The #nix #documentation team is spinning up a tutorial series and I’m trying to decide what the best path forward looks like. #docs
@zmitchell https://documentation.divio.com/ might be helpful—there's two different goals that might be conflated here, what that model calls "tutorials" vs "howtos".
@itamarst @zmitchell Zach is helping the documentation team apply diataxis/divio, so it might help to drill down if you have hard-won insight from applying it?
I may be projecting, but I read Zach as asking where to aim between golden-path tutorials that risk under-preparing people for fairly common challenges and tutorials that explore something thorny enough to hit these challenges at the risk of intimidating some readers by showing more warts and dragging in more concepts?
@abathur @zmitchell AIUI, the goal for the tutorial part of the four quadrants is to just get people doing something as minimal as possible, just so they have a success. Which suggests trying to minimize edge cases you expose _unnecessarily_. So if it's "10% of people will hit this during initial install", yeah cover that, but if it's "10% of _packages_ will hit this" or "this is Python-specific" or whatever, you don't cover that in a tutorial, you cover that in a howto.
Put another way—
@abathur @zmitchell —I would try to limit it to practical tasks everyone (or almost everyone) would do.

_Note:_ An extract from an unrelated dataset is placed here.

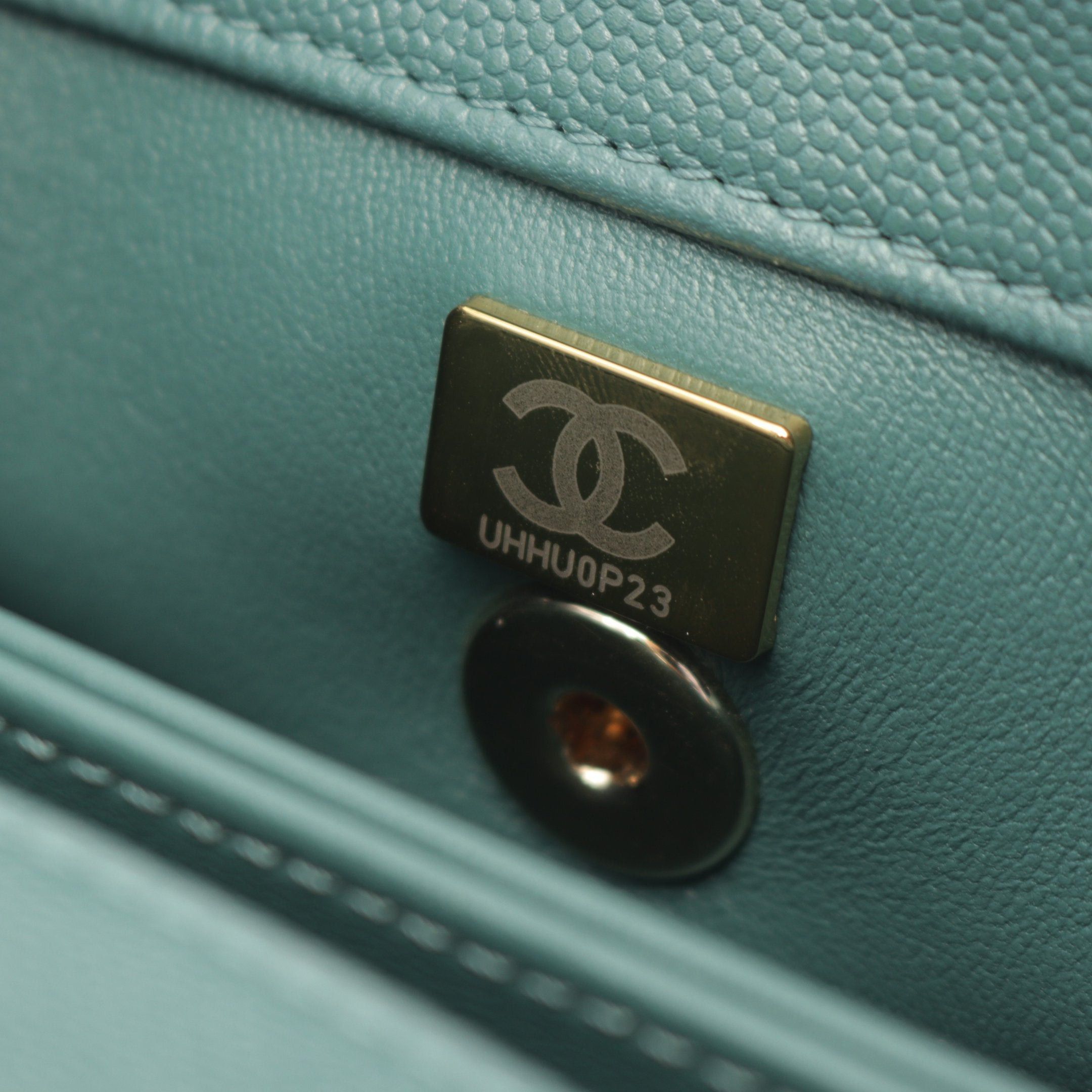 Chanel Chanel Coco Handle Flap Matelasse Handbag Caviar Skin Green Gold Hardware Size ONE SIZE - 5 Thumbnail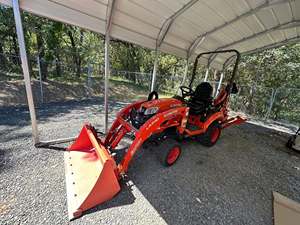 Professional Grade Kubota BX23S Utility Tractor Loader Backhoe Diesel 4WD Premium Quality Low Hours Farm Ranch Construction Use - Product Image 2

And if there are a lot of those tasks that are fundamental, try to do them iteratively. I.e. you structure it so you can stop at any point, as opposed to having digressions mid-way.
This isn't great:
1. Let's to do task A.
2. But that involves some Details, so let's dive into that!
3. We need to do B in order to succeed with A, so let's dive into that.
4. Now that we're done with B, let's get back to A.
5. OK we're done with A.
This is better:
1. Let's do very simple task A.
2. Now that we've done task A, let's try a more complex task B that builds on what we've learned but adds a new concept.
3. Now we'll do C, that builds on A and B.
@abathur @zmitchell As a complete beginner I want to know why I should bother spending any time on this at all (is it useful? is it too difficult to learn? will it take me weeks to get any benefit?) and then I want to know enough to go play with it and be able to make sense of the rest of the docs.
So question is not "keep it simple" vs "show hard stuff", it's "is the hard thing relevant to user's current goal in their learning journey".
@abathur @zmitchell A helpful approach to avoid adding unnecessary content is backwards design (https://cdh.carpentries.org/guiding-principles.html#backward-design).
Start with the task you want to the user to achieve, work backwards to what they have to learn to achieve that task, and only cover that and no more (you can always link to extra resources elsewhere in docs).
@abathur @zmitchell The Carpentries Curriculum Development Handbook is in general quite useful: https://cdh.carpentries.org/
It's a step-by-step process that should work well for tutorials.
@zmitchell @itamarst @abathur It's because we don't properly explain capabilities and least-security principles to developers. The Nix store is somewhat capability-oriented and definitely contains a content-addressed substore.
I half-agree with you. Nix should always make sense; users should be able to conceptualize what the Nix daemon does to the store.